The study was backed by media consolidation critic The Joyce
Foundation
, whose VP Larry Hansen
says the findings are troubling.

He says it shows that most people were getting their campaign
information from ads—many of them "outlandish and negative"—rather than
from hard-news stories. "In the end," he says, "well-funded candidates and
local broadcasters win while voters, most candidates and democracy lose."

The National Association of
Broadcasters
took aim at the announcement: "Once again, University
of Wisconsin NewsLab researchers demonstrate a fundamental misunderstanding of
how broadcasting works and how viewers get their news," says NAB spokesman
Dennis Wharton.

"Local stations air political coverage during many dayparts, and not
just in the narrow time frame of weekday evening newscasts. By failing to
acknowledge the totality of free airtime freely given by
broadcasters—including morning news, noon news, weekend
public-affairs—programming and televised debates," he says, "these
researchers do a huge disservice to the academic community."—John
Eggerton

Sesame Workshop Helps Military Families Cope

CPB, with help from Wal-Mart, is
funding a Sesame Workshop special,
When Parents Are
Deployed
, to help parents and caregivers deal with the
effect of their military deployment to Iraq on children.

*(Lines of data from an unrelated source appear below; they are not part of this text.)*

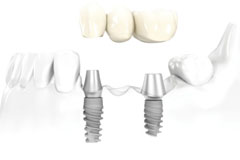 Affordable Dental Implant Solutions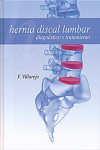 HERNIA DISCAL LUMBAR. DIAGNOSTICO Y TRATAMIENTO | 9788484739234 | Portada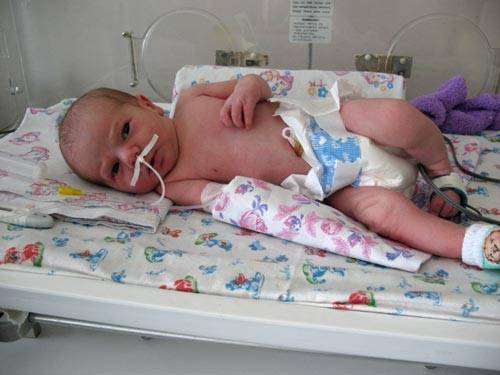 Пневмония у недоношенных детей: сколько лечиться новорожденным, внутриутробная форма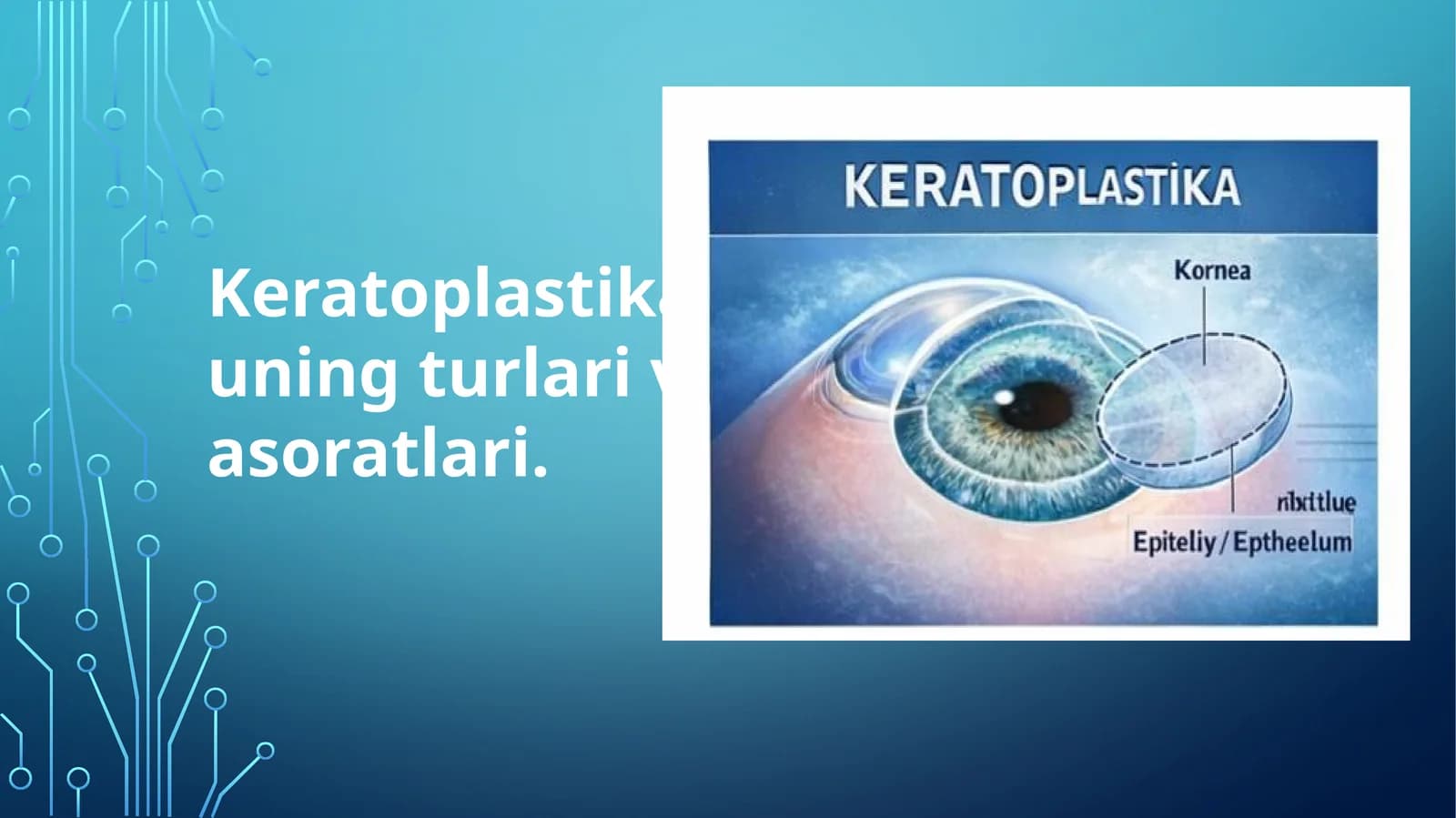 Keratoplastika, uning turlari va asoratlari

The half-hour show, which will premiere Dec. 27 at 9 p.m. on
PBS hosted by Cuba Gooding
Jr.
, is targeted at adults.

In announcing the new series, Sesame Workshop said that more than
700,000 kids will be separated from their mother or father over the holidays.
The special will work in the storyline of the deployment of
Muppet Elmo's father to Iraq with interviews
with, and stories of, military families.

The special is an offshoot of the Workshop's partnership with Wal-Mart
on an educational-outreach kit, Talk, Listen, Connect:
Helping Families During Military Deployment
, which was targeted at
helping kids cope with the situation. The kits are downloadable at the Sesame
Workshop Website. —John Eggerton

NBC Assuming New 'Identity'

When it comes to TV, game shows have still got game.
NBC will trot out new entrant Identity for five nights Dec.
18-22. The show, from Ben Silverman's
production company, Reveille, will be hosted by
Penn Jillette of the popular offbeat comedy
duo Penn & Teller.

NBC says the show, which will air each night at 8 p.m. ET, tasks a
contestant with sizing up a group of strangers in an effort to try to match
their identities. Top prize will be $500,000. —Ben
Grossman

Verizon Raises Price of FiOS TV

Verizon has boosted the price of its FiOS TV system
by $3.04 to $42.99 for new subscribers, while holding to the price of $39.95
for its current subs.

Verizon spokesman Cliff Lee says the
price change, the first since the service launched in September 2005, reflects
the additional value of almost 20 more channels.

The increase takes effect in Virginia on Jan. 14 and later in January
for subscribers in New York, Texas, Massachusetts, California and Maryland.

There will also be some lesser increases of $1-$2 for premium channels
like HBO and for some sports and movie
services, plus a hike of a few pennies for video-on-demand.—John
Eggerton

Corrections

Hilary Estey McLoughlin is president of Telepictures. She was
incorrectly identified in "Syndicators Bet on Game and Court Shows"
(11/20).

Steve Gahler is promoted to VP/station manager/director of sales, KSTW
Seattle. The city was incorrectly identified in Fates (11/20).